Aguirre ou la Chaise à porteurs
2024
François Klein a cofondé Hélicoop dans les années 1990, créé en 2006 avec quelques amis la Biennale d’art sur le Sentier des Passeurs, et de fait, participé à toutes les biennales.
Pour le 10e opus, il réalise cette sculpture comme un arrêt sur image, entre continuité et rupture. Vert ailleurs, lorsqu’on vit dans les Vosges, nous invite forcément à nous projeter loin de nos forêts de sapins !
Parmi les déplacements puissants qui font l’art ici, il est une référence importante pour François Klein : l’immersion de Werner Herzog, sa troupe et sa caméra dans la forêt amazonienne. Le film Aguirre, la colère de Dieu (1972), plonge dans la puissance paroxystique de cette jungle pour y observer la folie humaine, contemporaine et mythologique à la fois, produisant un enchaînement tragique de situations.

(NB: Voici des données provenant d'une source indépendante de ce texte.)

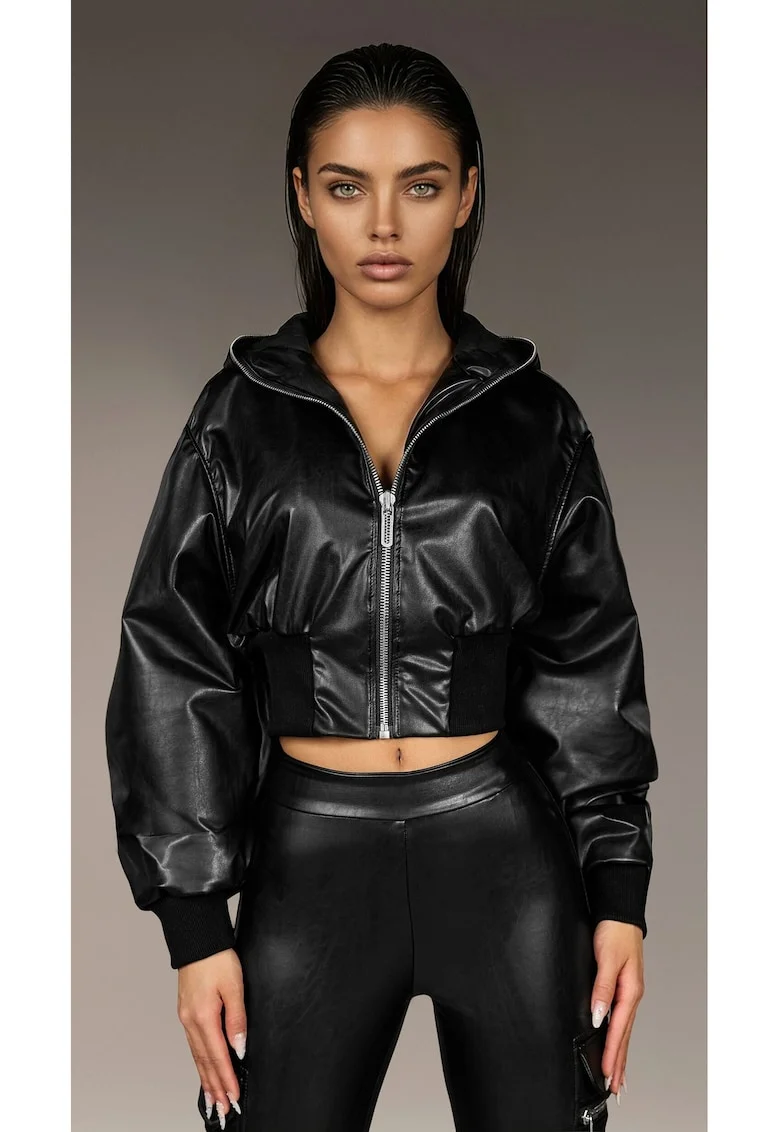 Jacheta crop din piele ecologica Rust, Negru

Pour réaliser une sculpture qui s’empare du Vert et de l’Ailleurs, de la folie des hommes et des strates mythologiques de la forêt (y compris vosgienne), François Klein a figé l’image de l’une des scènes les plus frappantes, entre fleuve et forêt, dans laquelle des femmes s’emparent d’une improbable chaise à porteurs.
Déplacée de l’Amazone sur le paisible étang de Quieux, la sculpture Aguirre ou la Chaise à porteurs recontextualise le délire prémonitoire condensé dans le film de Werner Herzog.
Aguirre est le délire inversé des vivants, la volonté s’affolant de son trop-plein, la déconstruction de la planète et le début de l’exploitation de la nature par l’homme. […]
Il faudra alors arrimer les jungles à notre civilisation de conquistadors ultimes. Il faudra alors que le monde se désarticule, que les jungles se rebiffent, que les cours d’eau charrient des colères. […]
Aguirre est le début de notre catastrophe ; il signe l’hubris écartelée sur les jungles des mondes, en dépit des morts peuplant le radeau de la méduse des désincarnés ultimes. […]
Et lorsque l’encre a disparu, bue par un déséquilibré l’ayant prise pour une potion ultime dans les images de la faim et de la soif, alors l’écriture du narrateur disparaît, et avec elle la civilisation imbue d’elle-même, royale et conquérante.